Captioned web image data
- - - - - - -
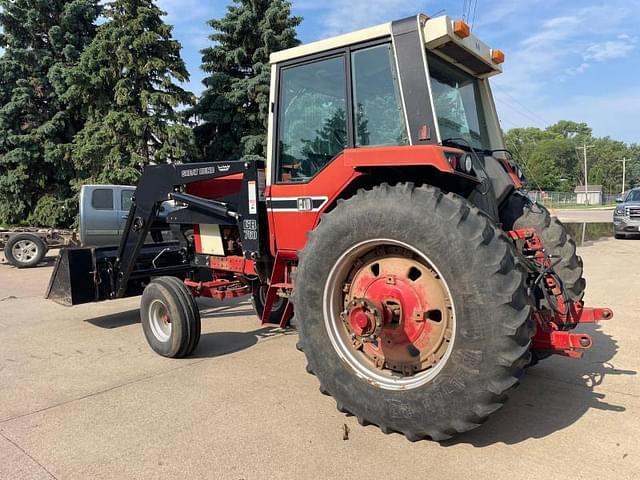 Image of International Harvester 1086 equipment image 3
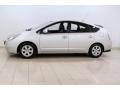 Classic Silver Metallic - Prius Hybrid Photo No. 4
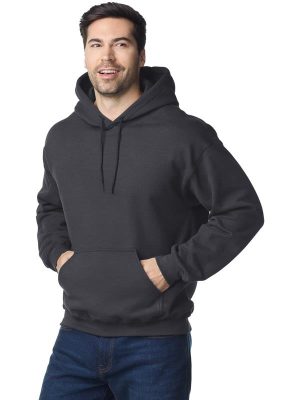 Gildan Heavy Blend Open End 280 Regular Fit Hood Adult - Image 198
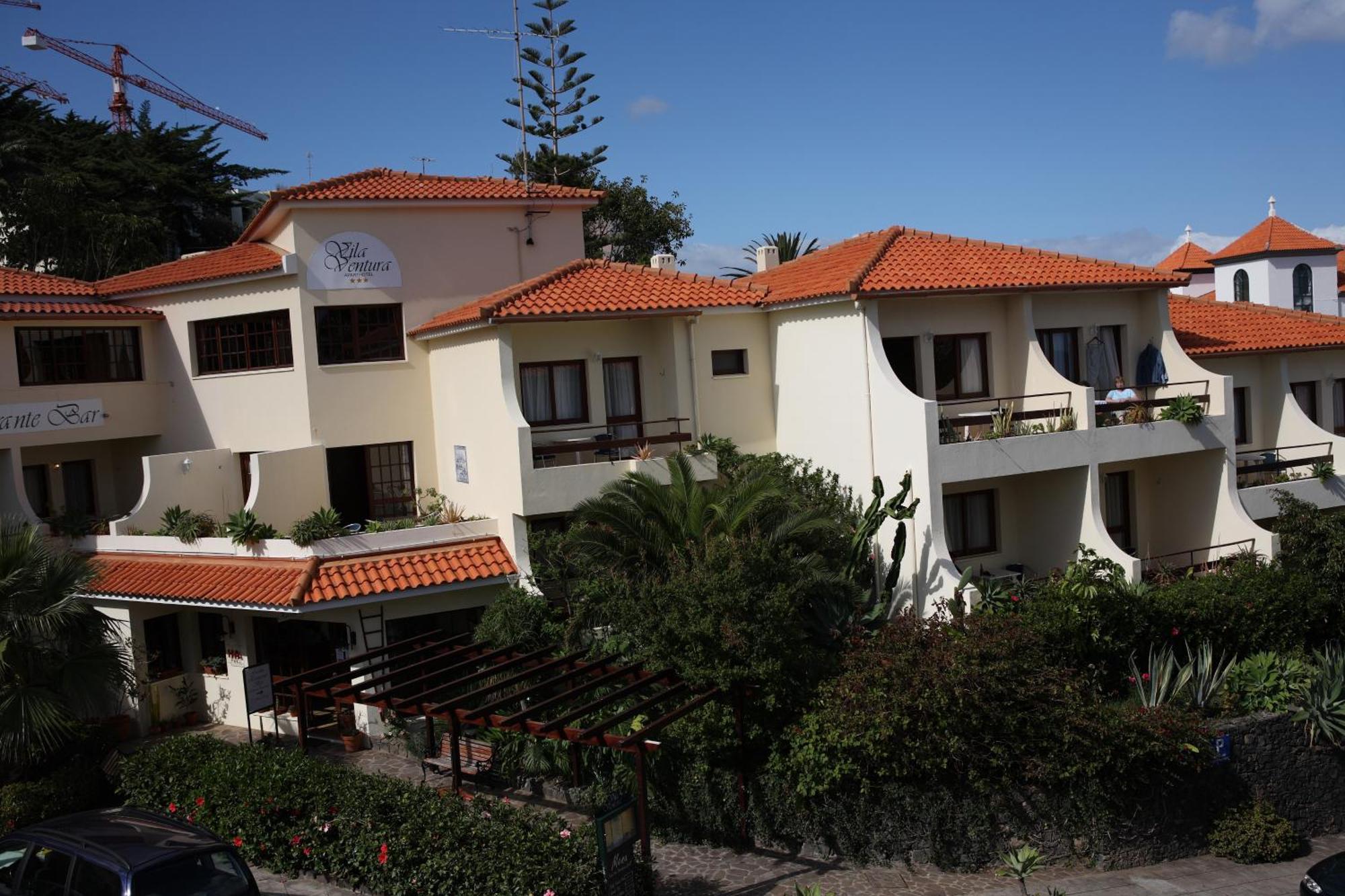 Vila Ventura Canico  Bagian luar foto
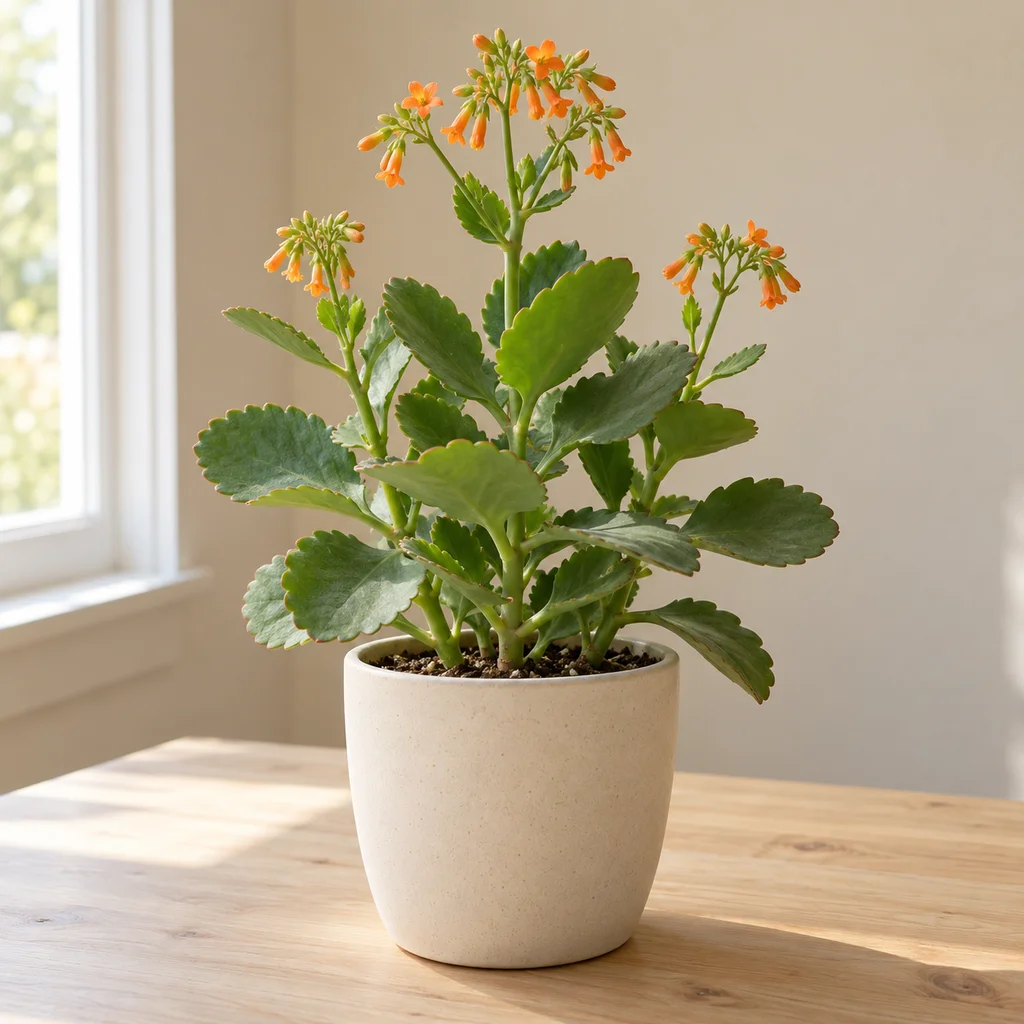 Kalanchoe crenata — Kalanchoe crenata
- - - - - - -
■ What you are asked to do:
Restate the records word for word and drop the images.

■ Solution to the exercise:
 Image of International Harvester 1086 equipment image 3
 Classic Silver Metallic - Prius Hybrid Photo No. 4
 Gildan Heavy Blend Open End 280 Regular Fit Hood Adult - Image 198
 Vila Ventura Canico  Bagian luar foto
 Kalanchoe crenata — Kalanchoe crenata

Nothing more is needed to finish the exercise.